Transcribe the line holding "防弾少年団(BTS)(ボウダンショウネンダン)の【公式】BTS LOVE YOURSELF" together with every line after it, through the end of the records, exactly and with no pictures.

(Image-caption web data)
● ● ● ● ●
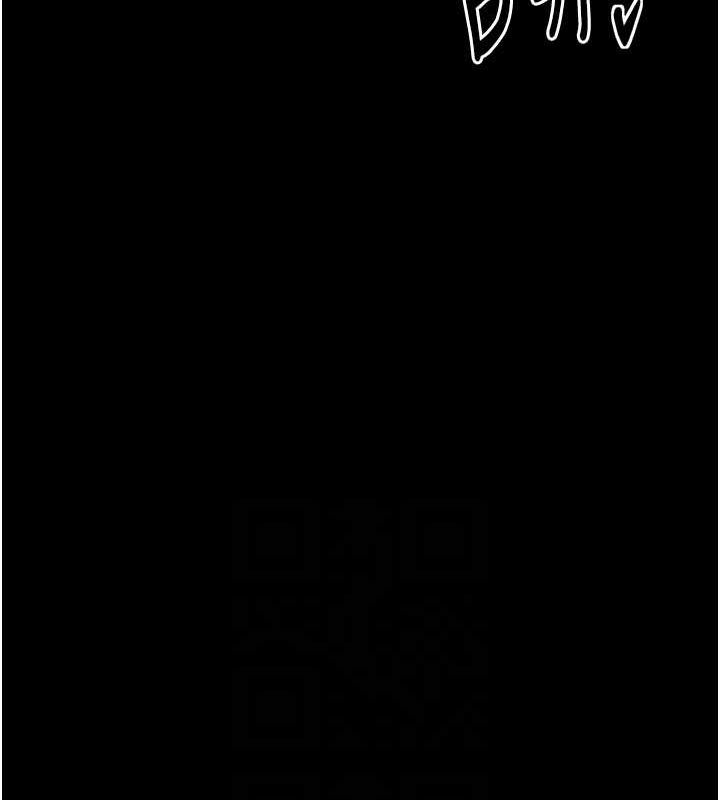 最强家丁第30話-親兒子竟是同夥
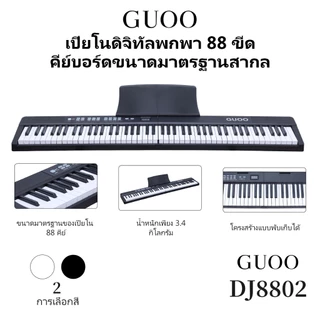 GUOO PIANO DJ8802 ปียโนอิเล็กทรอนิกส์ 88 ปุ่มพับเก็บได้ รับประกันคุณภาพอย่างเป็นทางการ ฟรีกระเป๋า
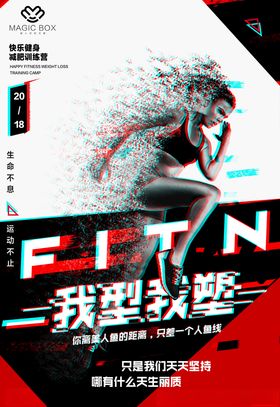 抖音风海报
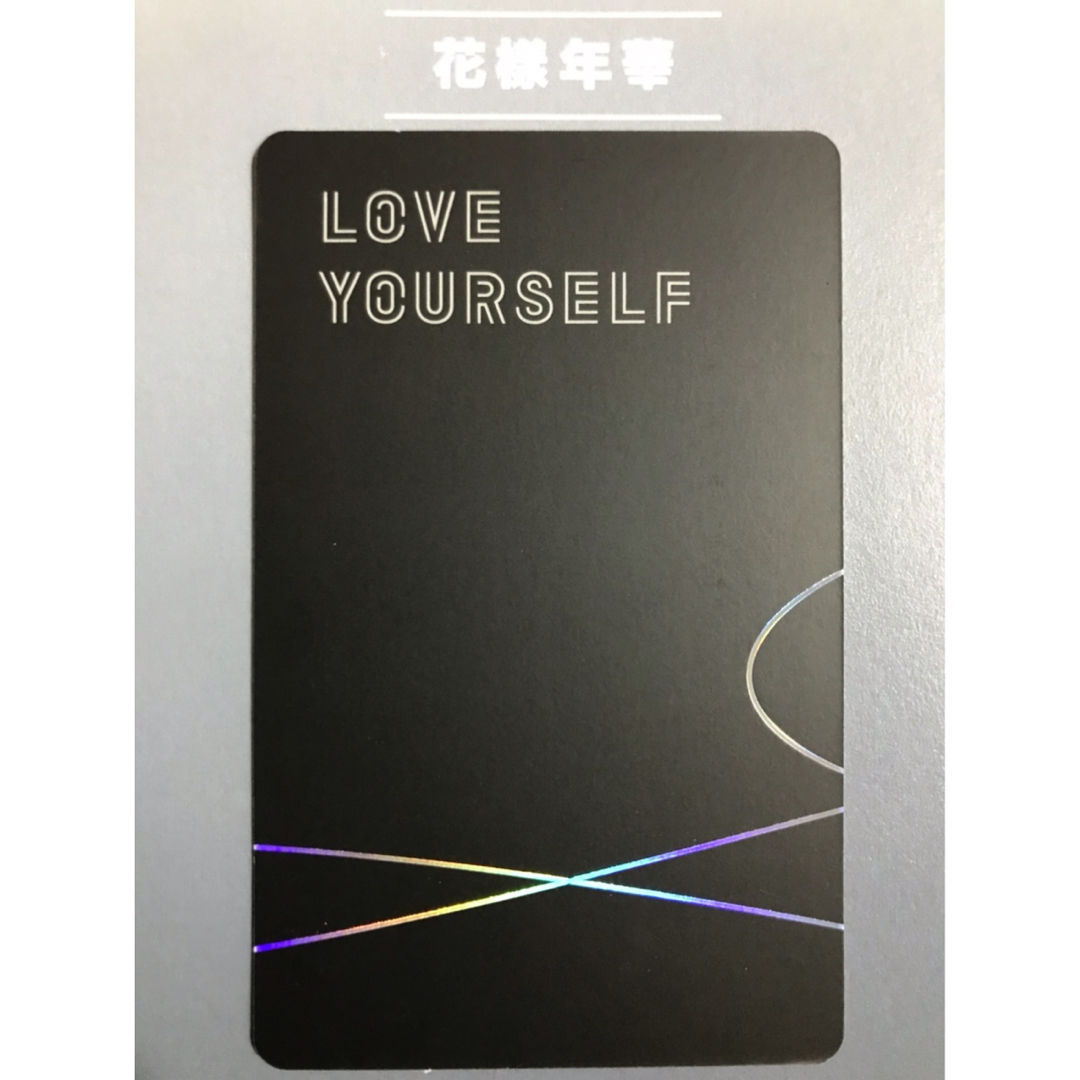 防弾少年団(BTS)(ボウダンショウネンダン)の【公式】BTS LOVE YOURSELF LYS  轉 Tearトレカ ユンギ エンタメ/ホビーのCD(K-POP/アジア)の商品写真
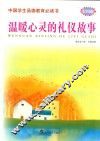 中国学生品德教育必读书  温暖心灵的礼仪故事彩图版 封面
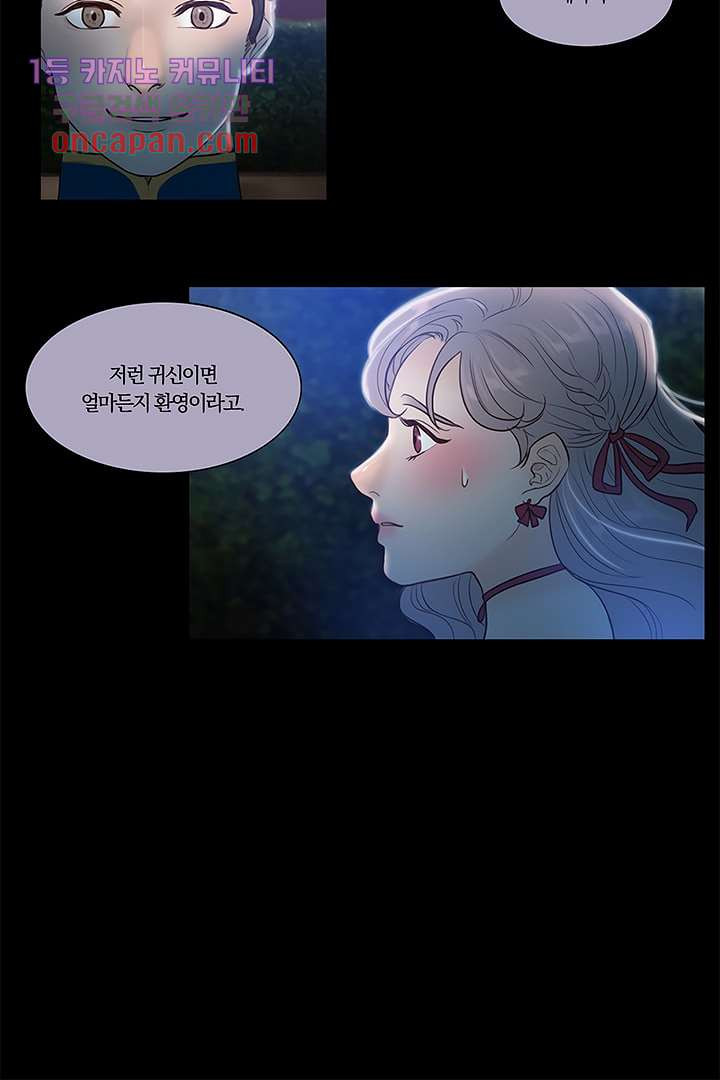 초상화 19화 - 웹툰 이미지 42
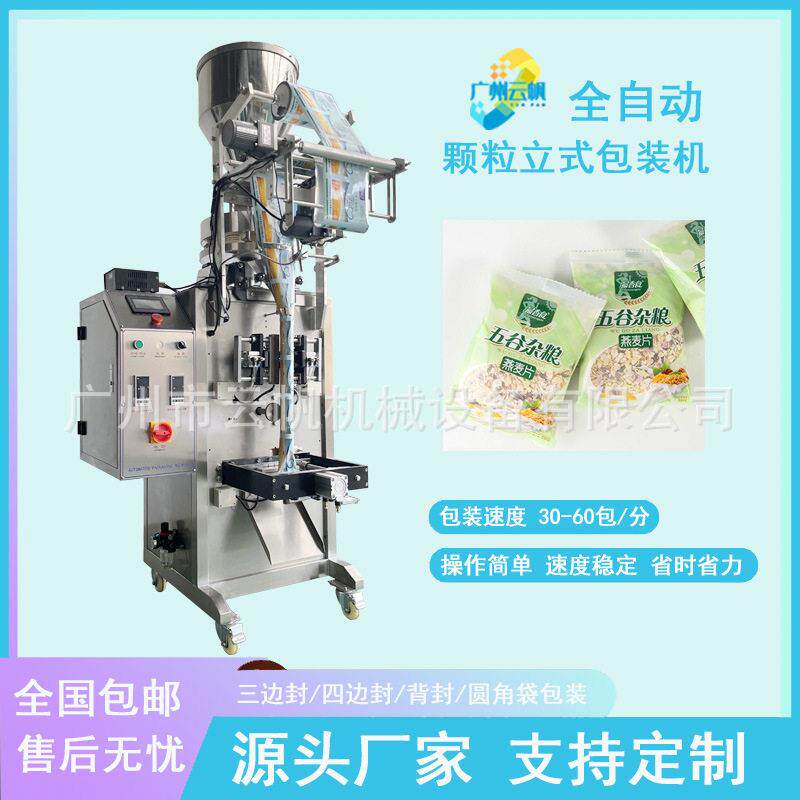全自动包装机 量杯式 50 克 100 克宠物粮食包装设备
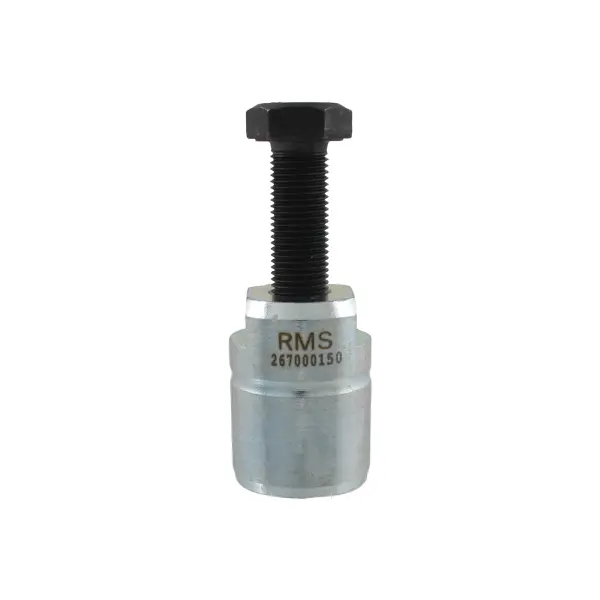 Extracteur d'embrayage RMS Classic Piaggio Vespa 50-90cc/Et3 125cc T029551 M26x1, M12 mm filetage intérieur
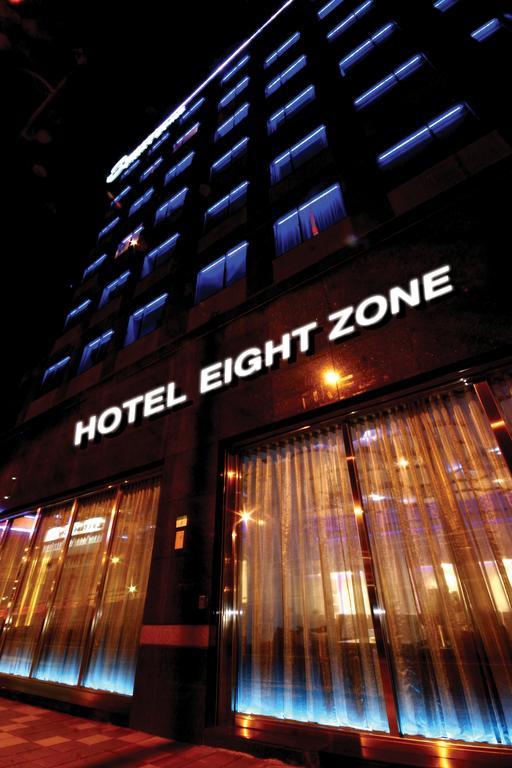 تايبيه Hotel Eight Zone المظهر الخارجي الصورة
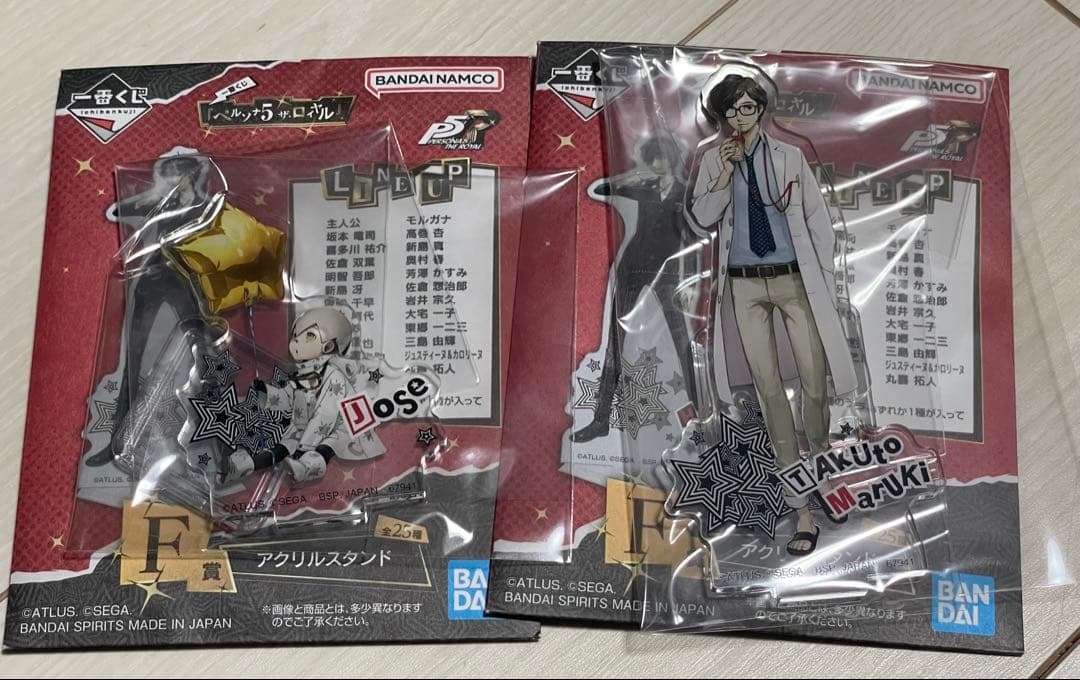 ペルソナ5 1番くじ アクリルスタンド アクスタ 2点セット - メルカリ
● ● ● ● ●
> _Response to the exercise_:
 防弾少年団(BTS)(ボウダンショウネンダン)の【公式】BTS LOVE YOURSELF LYS  轉 Tearトレカ ユンギ エンタメ/ホビーのCD(K-POP/アジア)の商品写真
 中国学生品德教育必读书  温暖心灵的礼仪故事彩图版 封面
 초상화 19화 - 웹툰 이미지 42
全自动包装机 量杯式 50 克 100 克宠物粮食包装设备
 Extracteur d'embrayage RMS Classic Piaggio Vespa 50-90cc/Et3 125cc T029551 M26x1, M12 mm filetage intérieur
 تايبيه Hotel Eight Zone المظهر الخارجي الصورة
 ペルソナ5 1番くじ アクリルスタンド アクスタ 2点セット - メルカリ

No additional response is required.